• What needs to be done: Only the lines from the one containing "FC-7668Pro 4G GSM" through the end of the records should be retyped, exactly and including both ends; pictures stay out.

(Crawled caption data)
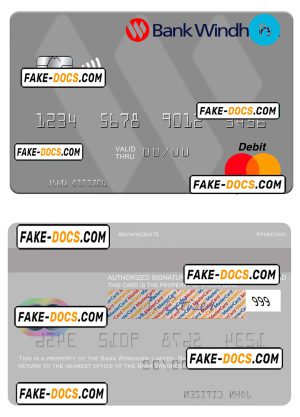 Namibia Bank Windhoek Limited mastercard credit card, fully editable template in PSD format Namibia Bank Windhoek Limited mastercard credit card, fully editable template in PSD format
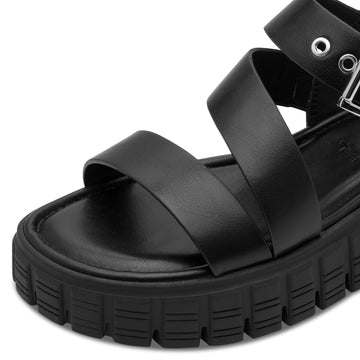 Womens Tamaris 28233 Black Buckle Closed Wedge Sandals - Black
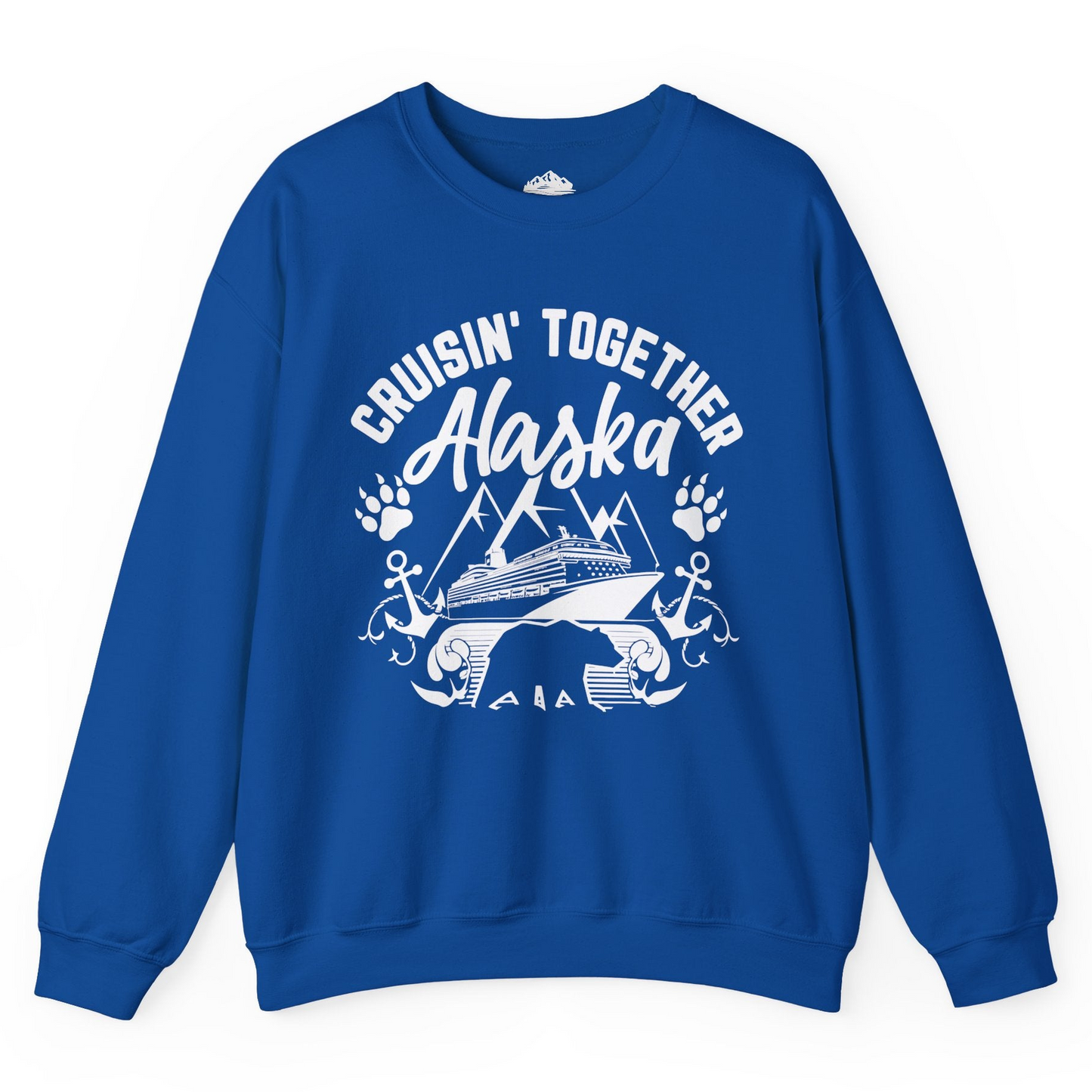 Alaska Cruise Adventure Shirt - Wildlife Bear Paw Nautical Anchors Sweatshirt – Royal – Alaska Cruise Shirts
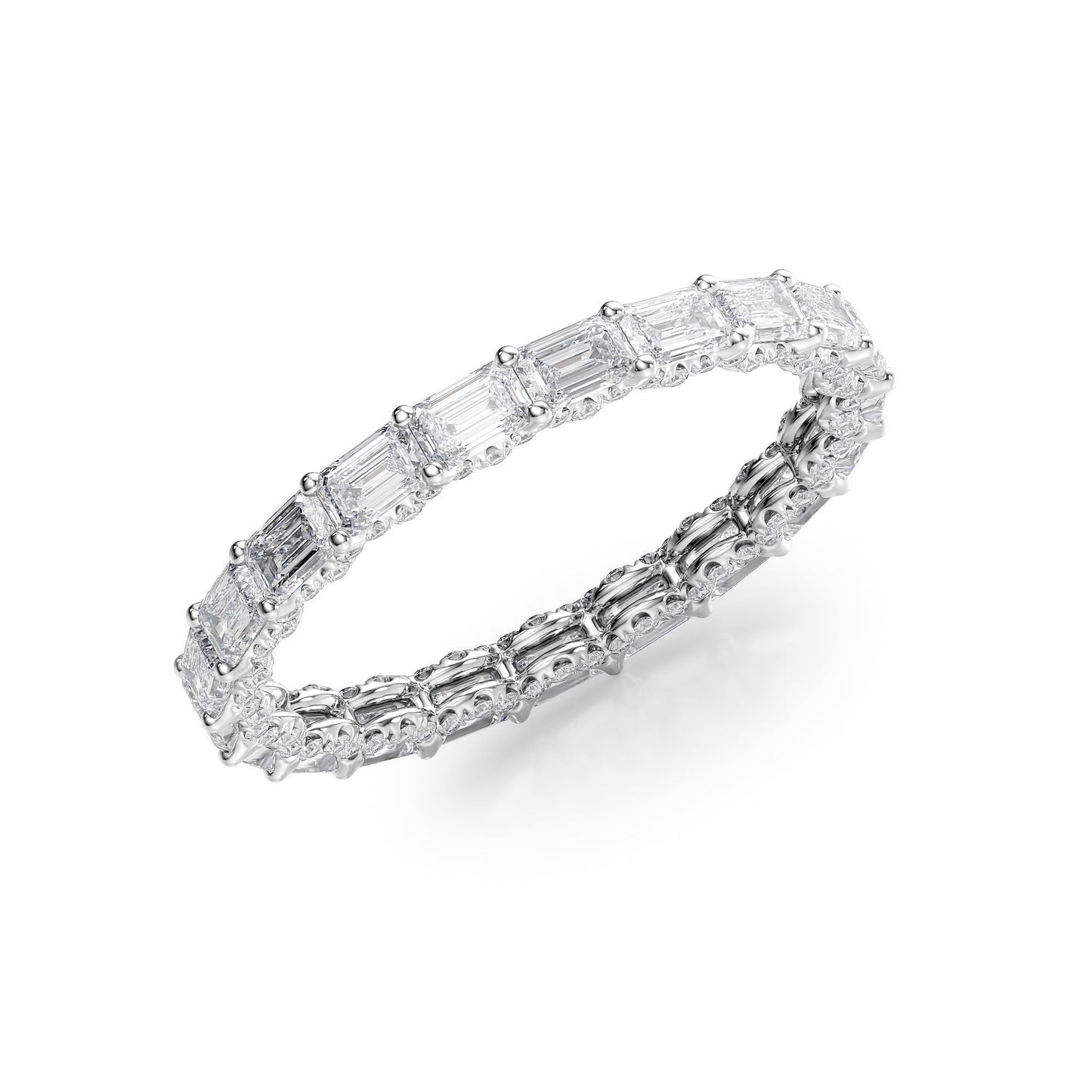 2.3ct Astrid Emerald Cut Moissanite Ring - Silver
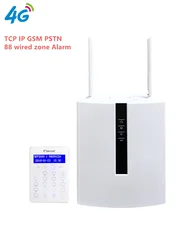 FC-7668Pro 4G GSM Wired Alarm TCP IP Industrial Alarm Systems Support 16 Wired Zone And 32 wireless  Zone Control By WebIE Alarm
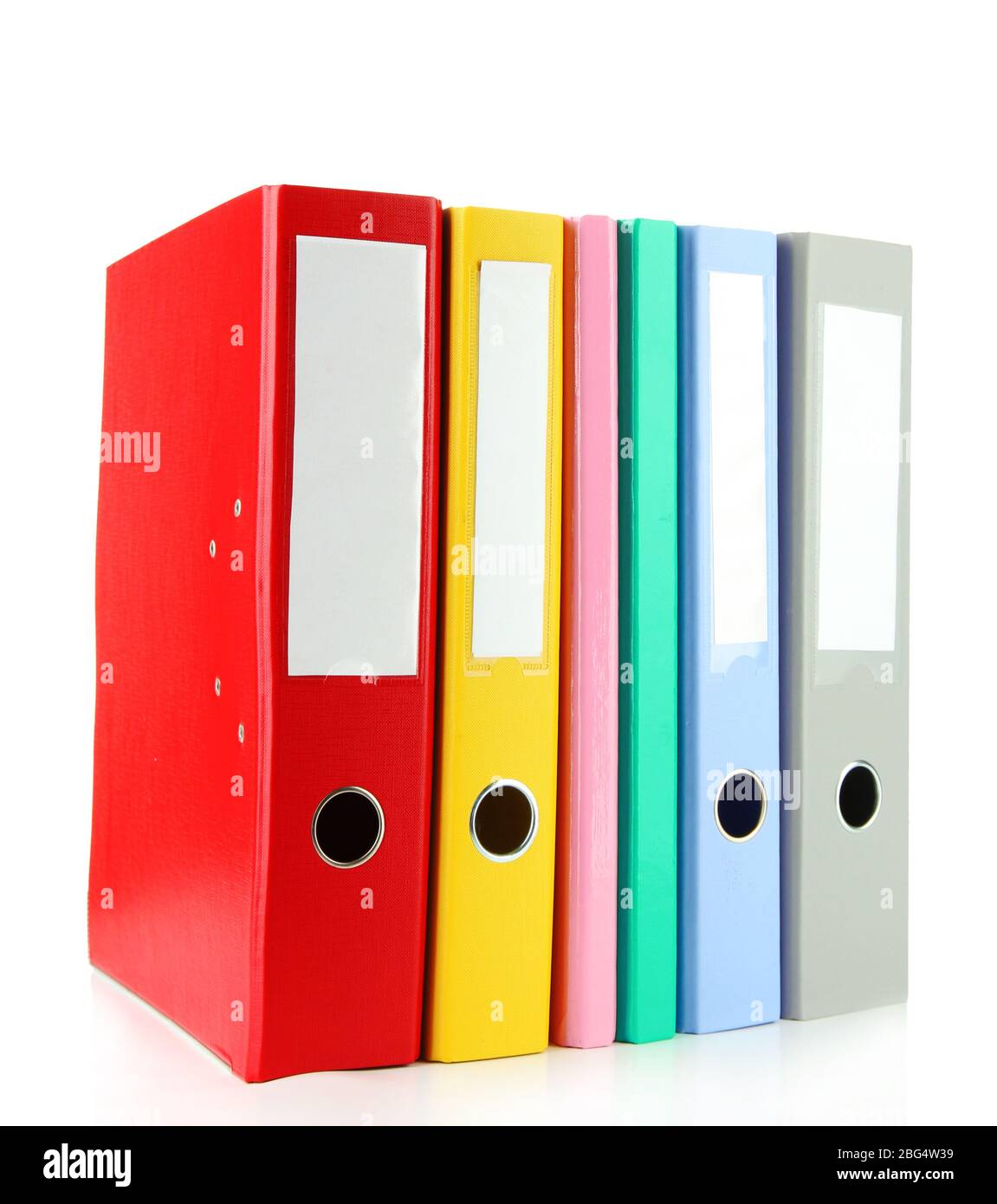Bright office folders isolated on white Stock Photo Alamy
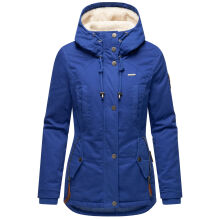 Marikoo Bikoo Damen gefütterte Winterjacke mit Teddyfell Blue Jean Größe L - Gr. 40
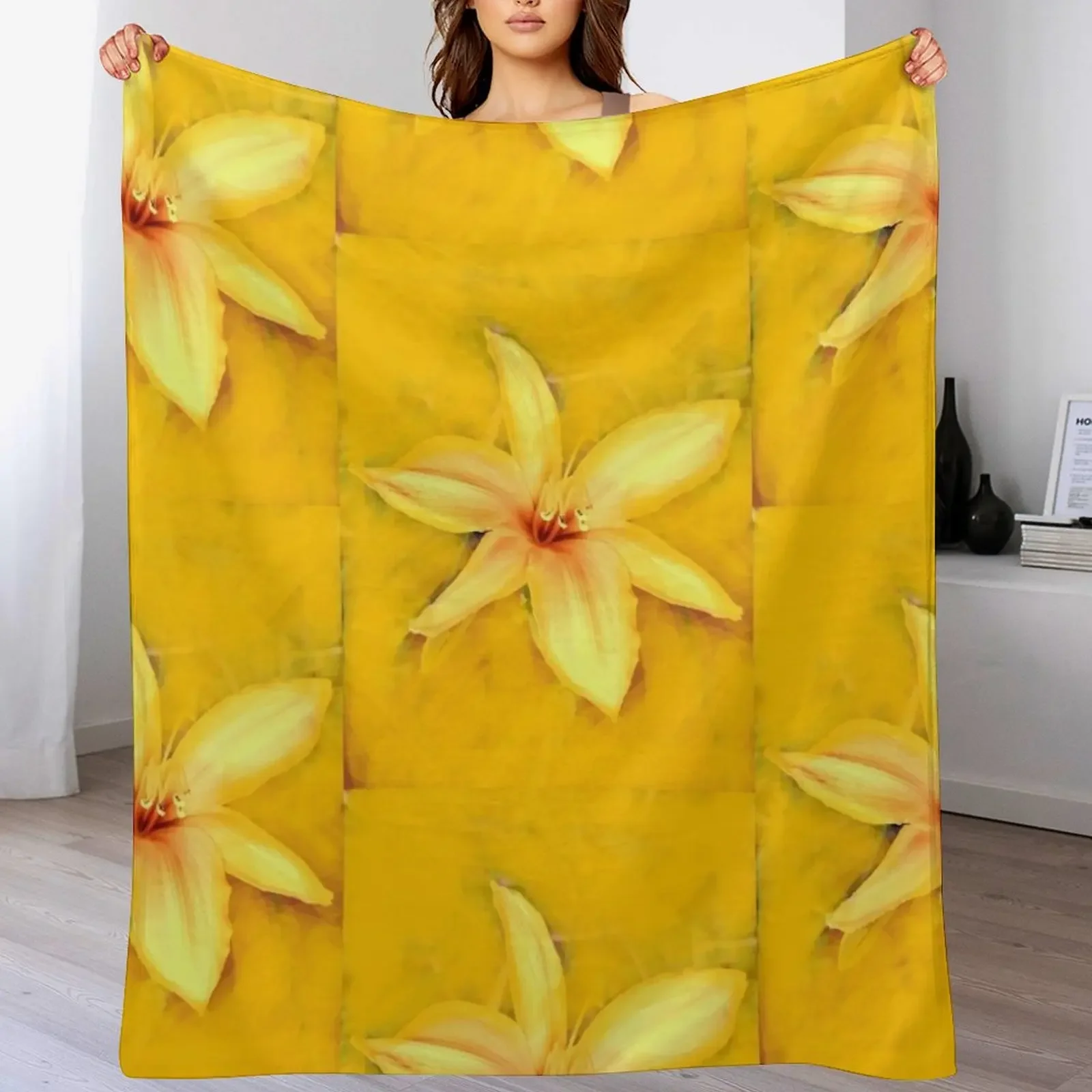 Star yellow Lilly Throw Blanket Thermals For Travel warm for winter Shaggy Decorative Beds Blankets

• Exercise response:
 FC-7668Pro 4G GSM Wired Alarm TCP IP Industrial Alarm Systems Support 16 Wired Zone And 32 wireless  Zone Control By WebIE Alarm
Bright office folders isolated on white Stock Photo Alamy
 Marikoo Bikoo Damen gefütterte Winterjacke mit Teddyfell Blue Jean Größe L - Gr. 40
 Star yellow Lilly Throw Blanket Thermals For Travel warm for winter Shaggy Decorative Beds Blankets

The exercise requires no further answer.